Items from a dataset:

►

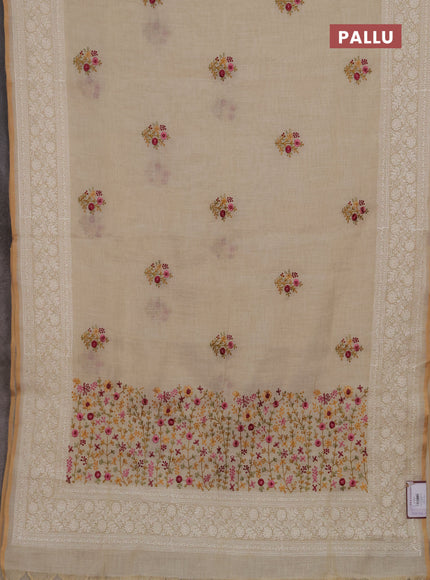 Linen cotton saree cream with embroidery buttas and embroidery pallu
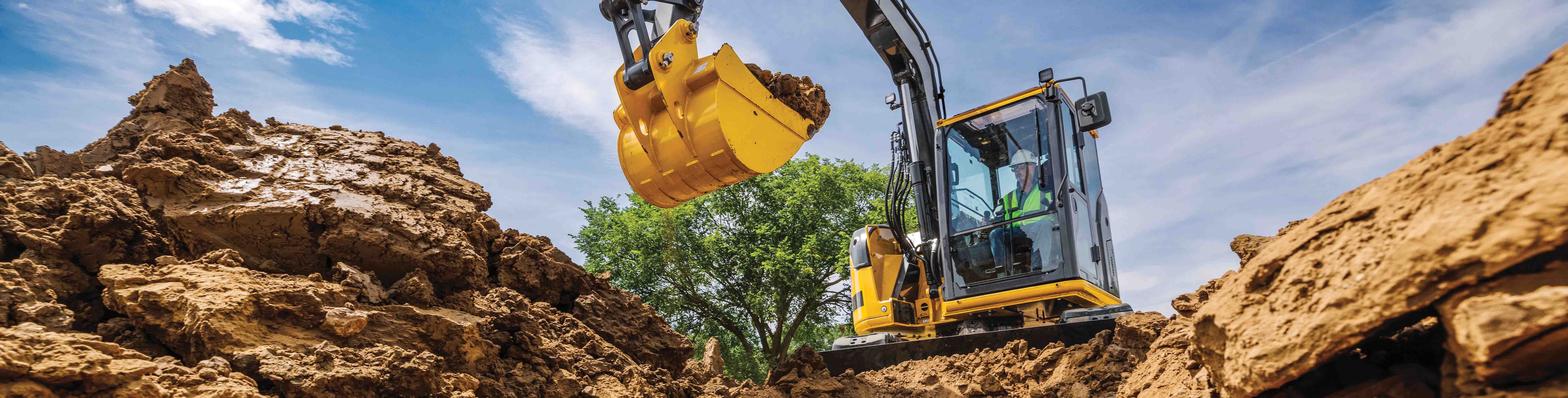 John Deere Excavator works on digging a large hole with blue sky in the background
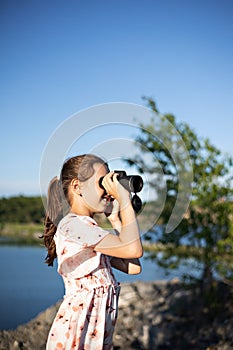 a girl in a beautiful dress stands on the top of a mountain holding binoculars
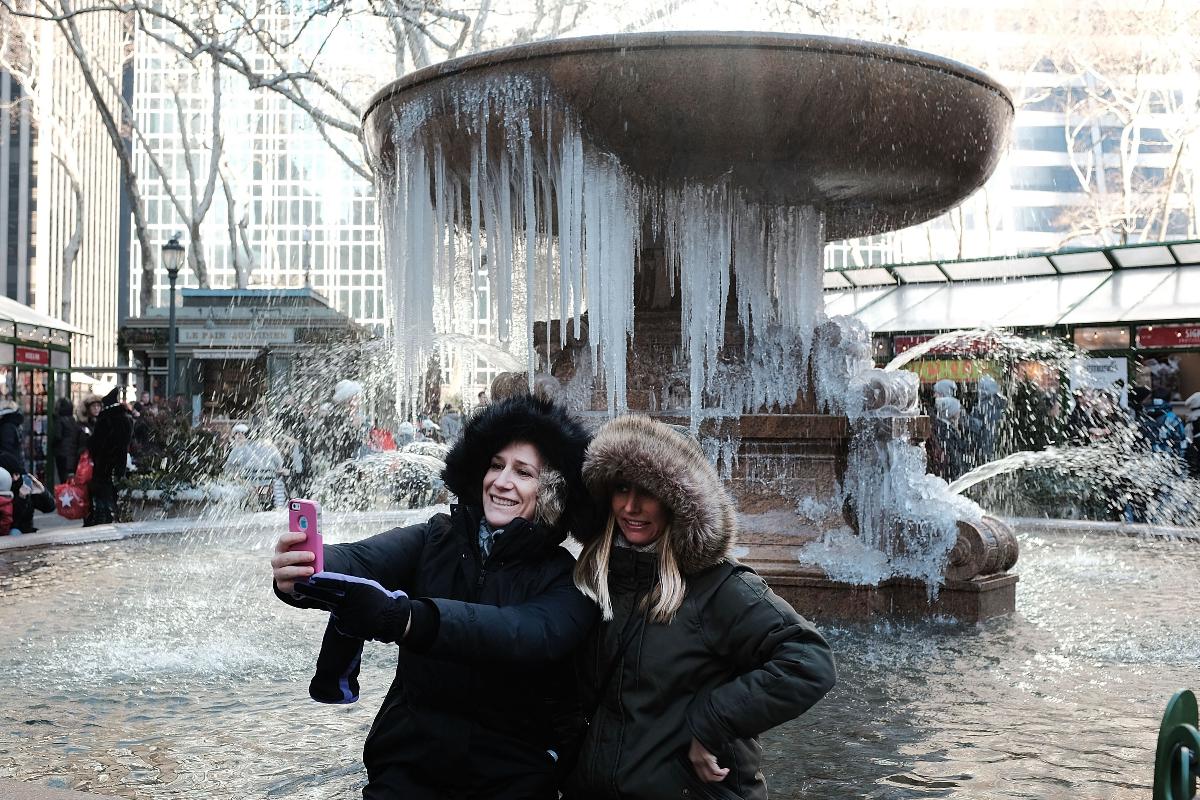 Duas mulheres fazem uma selfie em frente a uma fonte congelada no parque Bryant, em Manhattan, Nova York, em 27 de dezembro. | SPENCER PLATTAFP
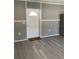 Inviting living room with wood-look flooring and freshly painted walls at 11351 Edison Ave, New Port Richey, FL 34654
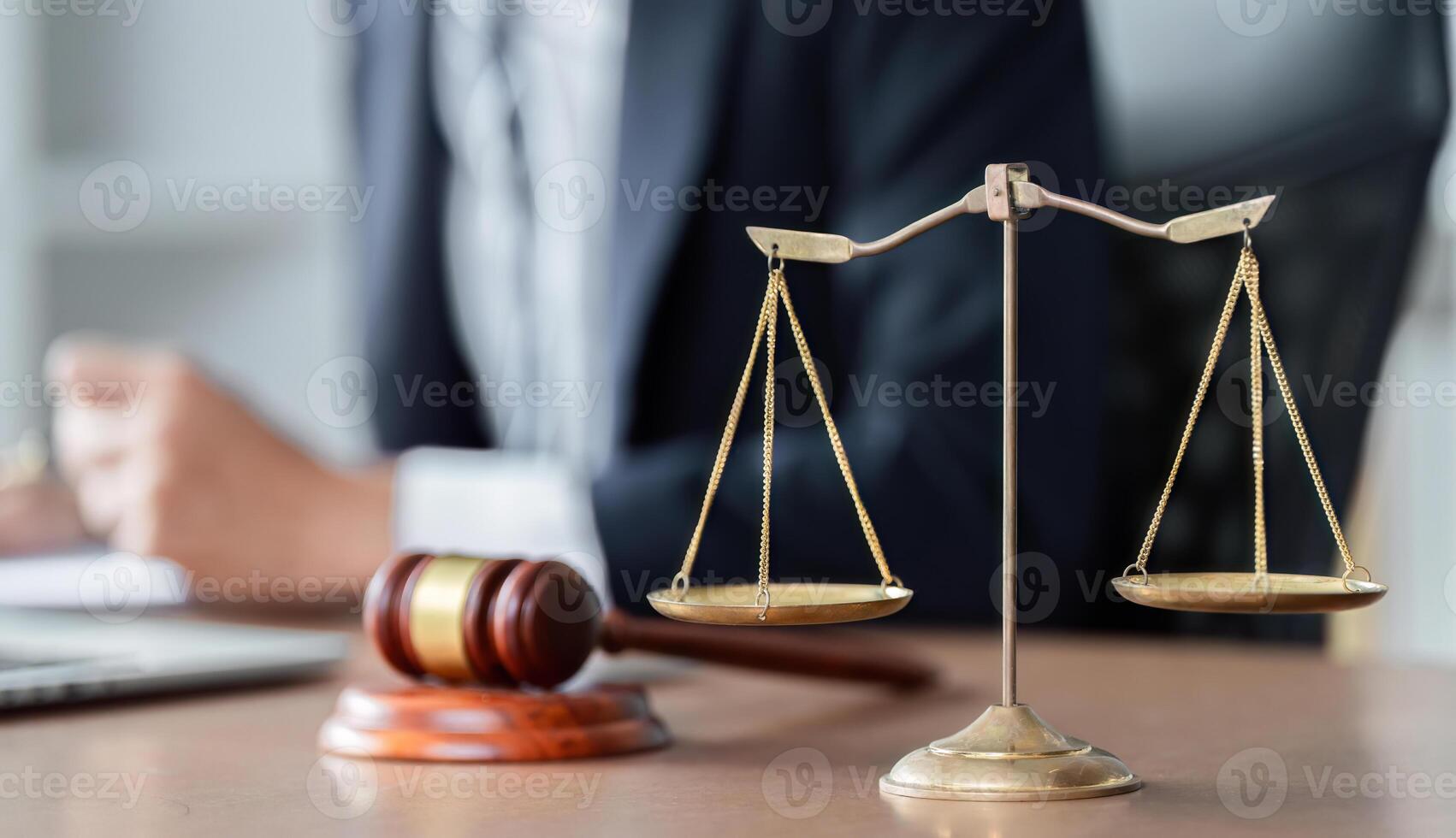 Lawyer analyzing legal documents with scales of justice and gavel on desk in modern office setting. photo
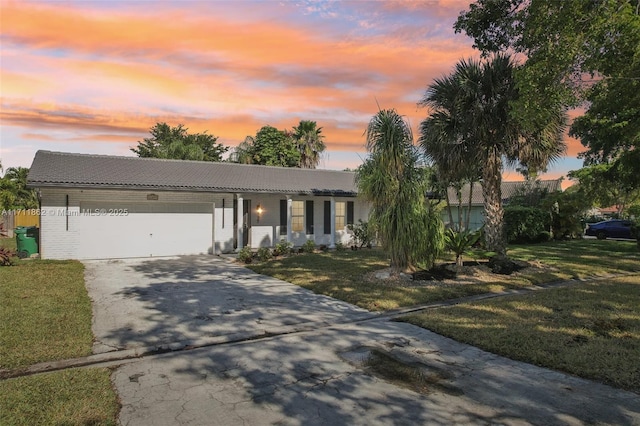 single story home featuring a lawn and a garage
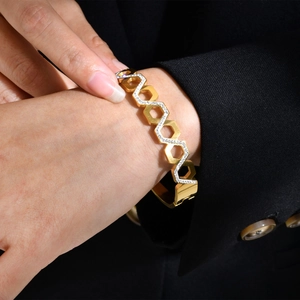 Gros plan d'un bracelet alvéolé doré serti de zircons sur le poignet d'un modèle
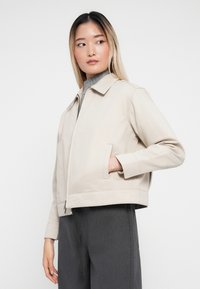 Béžová skrátená bunda s špicatým golierom, predným zipsom a bočnými vreckami. Tkanina má hladkú textúru; nosená cez sivý top.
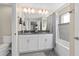Bathroom with double vanity, soaking tub, and gray tile at 8989 Cabot Cliffs Dr, Davenport, FL 33896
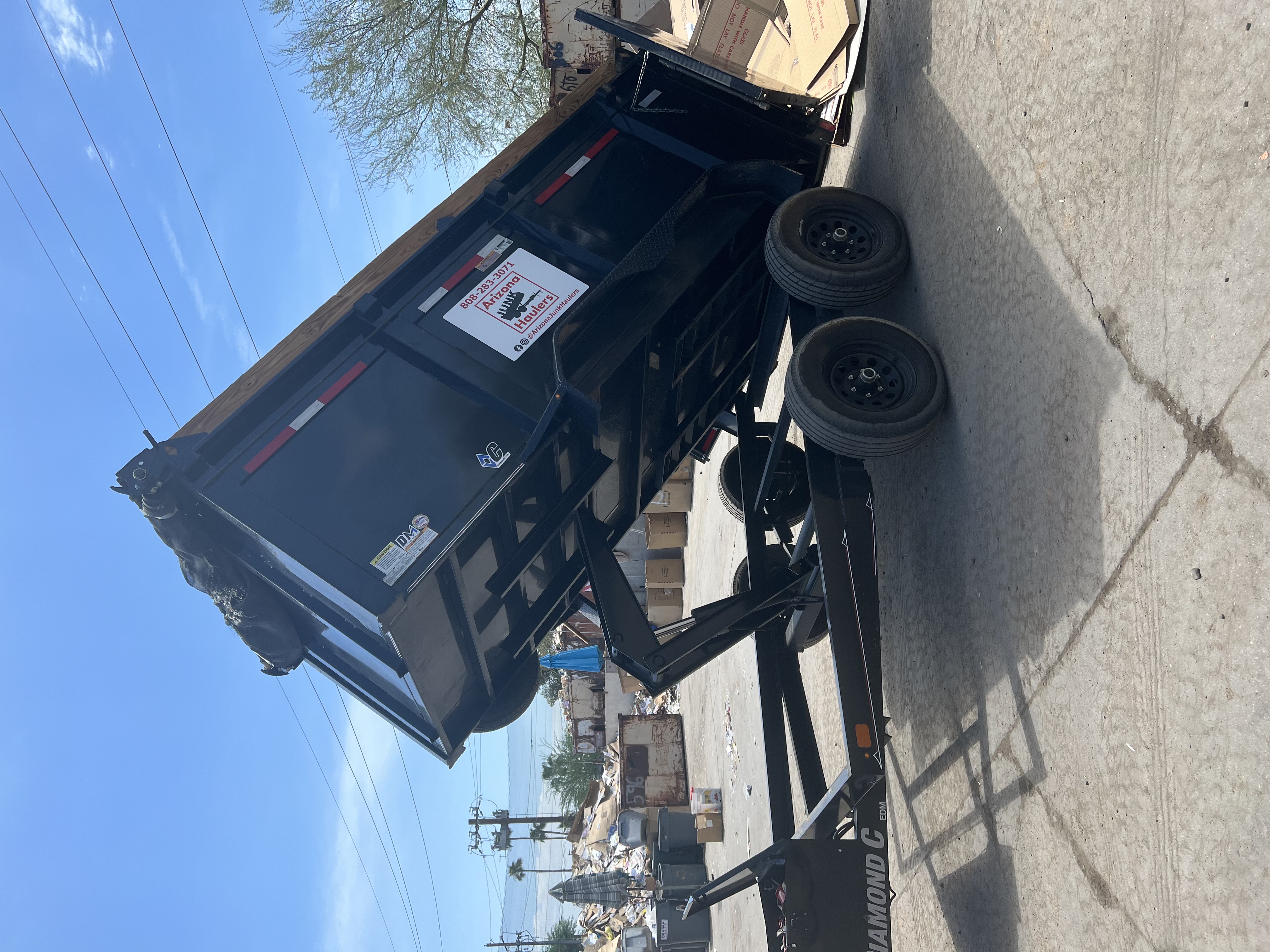 Trash Away dump trailer unloading debris at a recycling and transfer yard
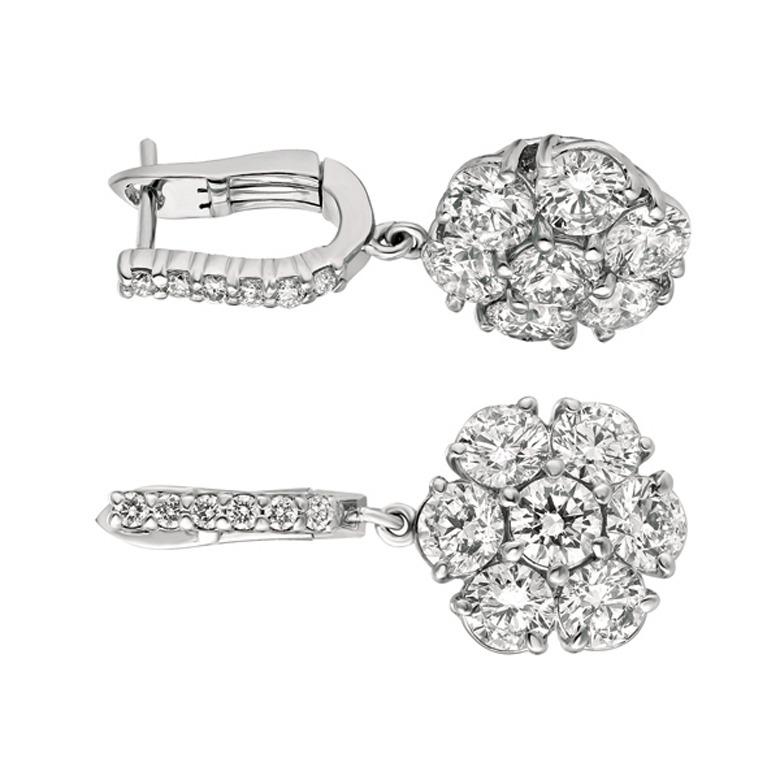 5.15 Carat Natural Diamond Earrings G SI 14K White Gold

100% Natural, Not Enhanced in any way Round Cut Diamond Earrings
5.15CT
G-H 
SI  
14K White Gold  5.5 grams, Prong
1/1/16 inch in height, 1/2 inch in width
14 diamonds  - 4.90ct,  12 diamonds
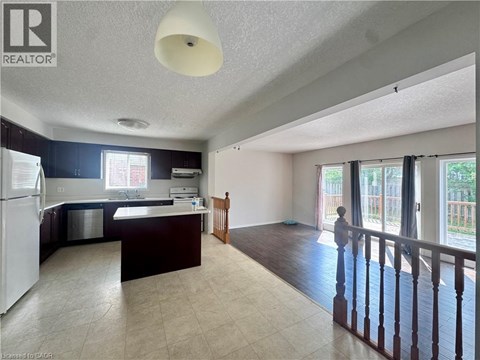A kitchen with a refrigerator, sink, and a dining area with a table and chairs.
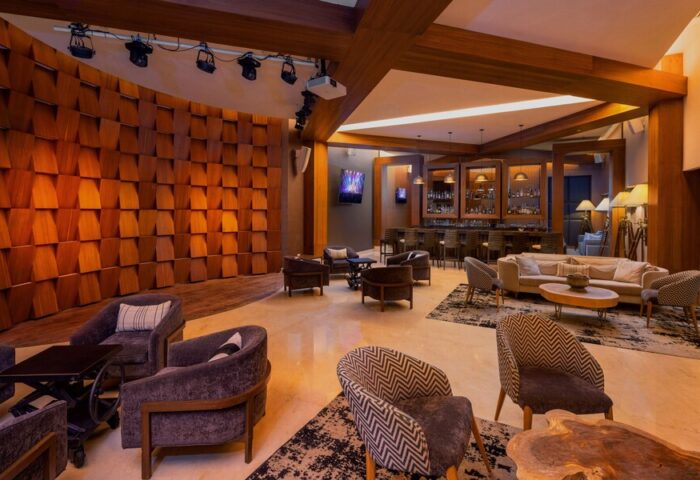 Le Blanc Resort Cancun Adults Only All Inclusive gay-friendly hotel bar lounge area with stage, seating, and warm lighting.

◄

**Work instructions:** Each line from the beginning of the entries up to and including the one containing "Bathroom with double" must be restated exactly. Pictures are to be left out.

**Your response:**
 Linen cotton saree cream with embroidery buttas and embroidery pallu
 John Deere Excavator works on digging a large hole with blue sky in the background
 a girl in a beautiful dress stands on the top of a mountain holding binoculars
 Duas mulheres fazem uma selfie em frente a uma fonte congelada no parque Bryant, em Manhattan, Nova York, em 27 de dezembro. | SPENCER PLATTAFP
 Inviting living room with wood-look flooring and freshly painted walls at 11351 Edison Ave, New Port Richey, FL 34654
 Lawyer analyzing legal documents with scales of justice and gavel on desk in modern office setting. photo
 single story home featuring a lawn and a garage
 Gros plan d'un bracelet alvéolé doré serti de zircons sur le poignet d'un modèle
 Béžová skrátená bunda s špicatým golierom, predným zipsom a bočnými vreckami. Tkanina má hladkú textúru; nosená cez sivý top.
Bathroom with double vanity, soaking tub, and gray tile at 8989 Cabot Cliffs Dr, Davenport, FL 33896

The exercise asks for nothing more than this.